**About this exercise**.
Write out the records again exactly and exclude the pictures.

**Stored records**.
□ □ □ □ □ □ □
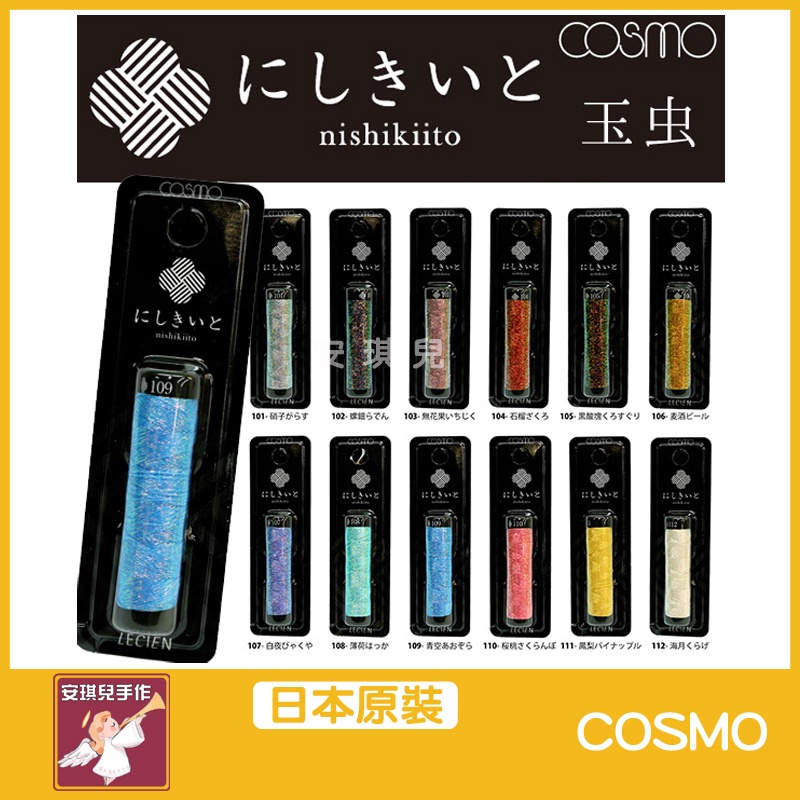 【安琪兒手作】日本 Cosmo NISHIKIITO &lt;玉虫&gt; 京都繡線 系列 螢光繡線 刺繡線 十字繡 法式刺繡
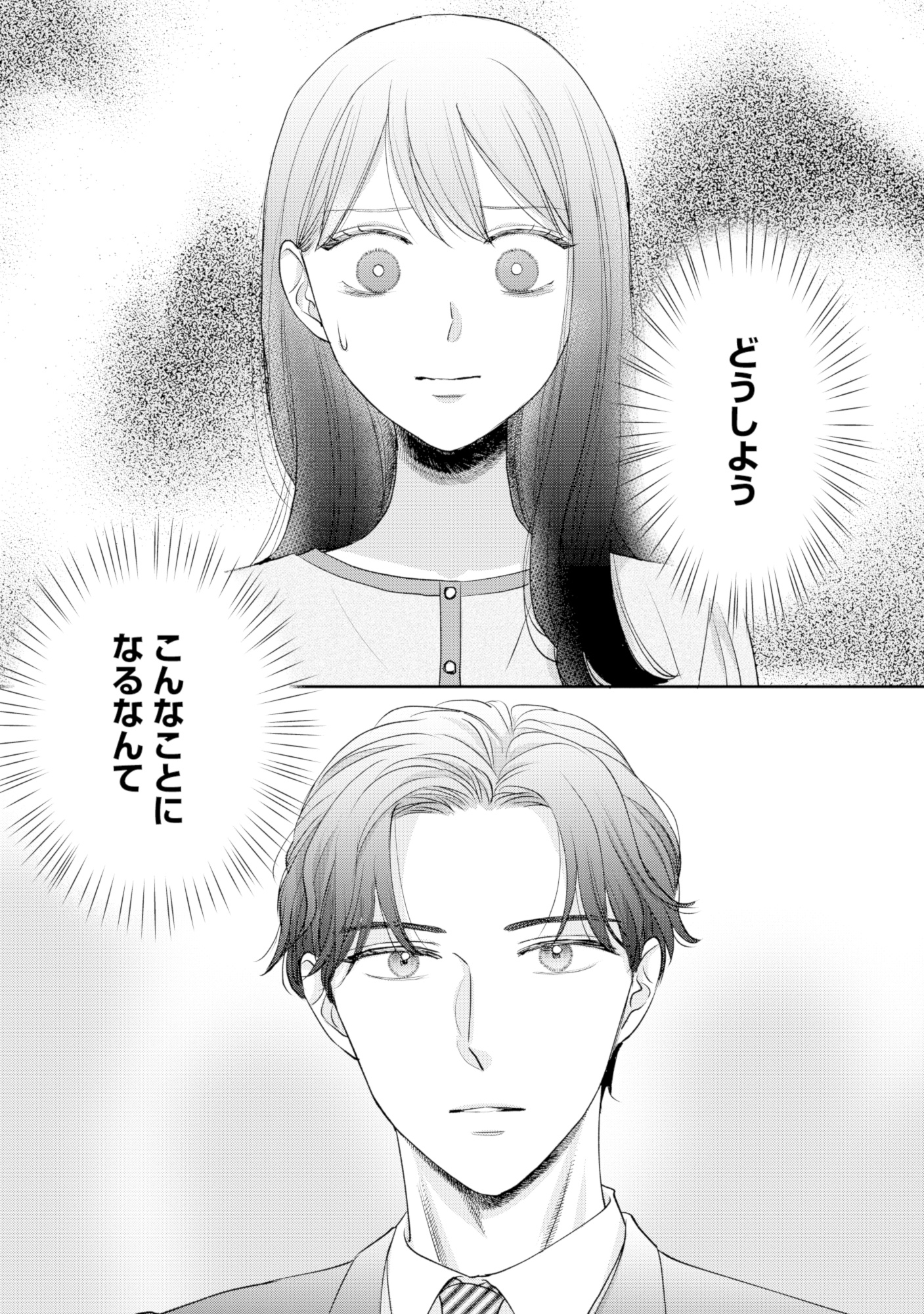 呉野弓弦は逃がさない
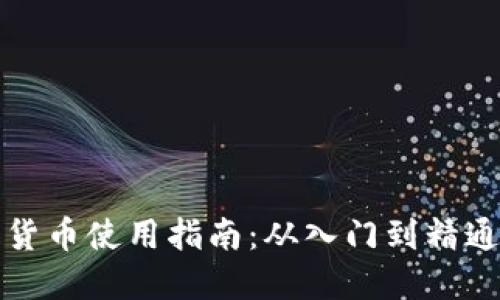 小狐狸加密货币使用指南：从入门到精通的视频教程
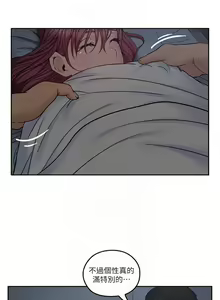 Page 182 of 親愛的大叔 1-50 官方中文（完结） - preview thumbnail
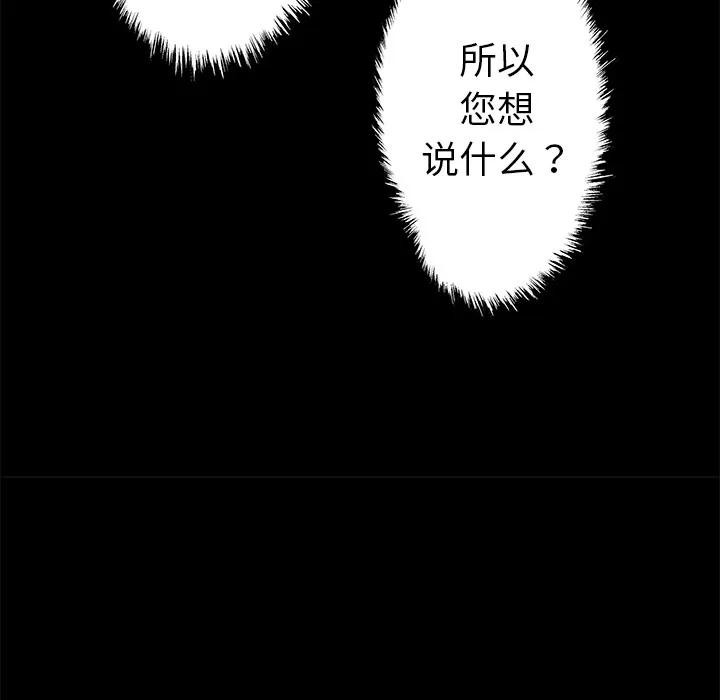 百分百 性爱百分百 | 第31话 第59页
□ □ □ □ □ □ □
**Task response**.
 【安琪兒手作】日本 Cosmo NISHIKIITO &lt;玉虫&gt; 京都繡線 系列 螢光繡線 刺繡線 十字繡 法式刺繡
 呉野弓弦は逃がさない
 小狐狸加密货币使用指南：从入门到精通的视频教程
 Page 182 of 親愛的大叔 1-50 官方中文（完结） - preview thumbnail
 百分百 性爱百分百 | 第31话 第59页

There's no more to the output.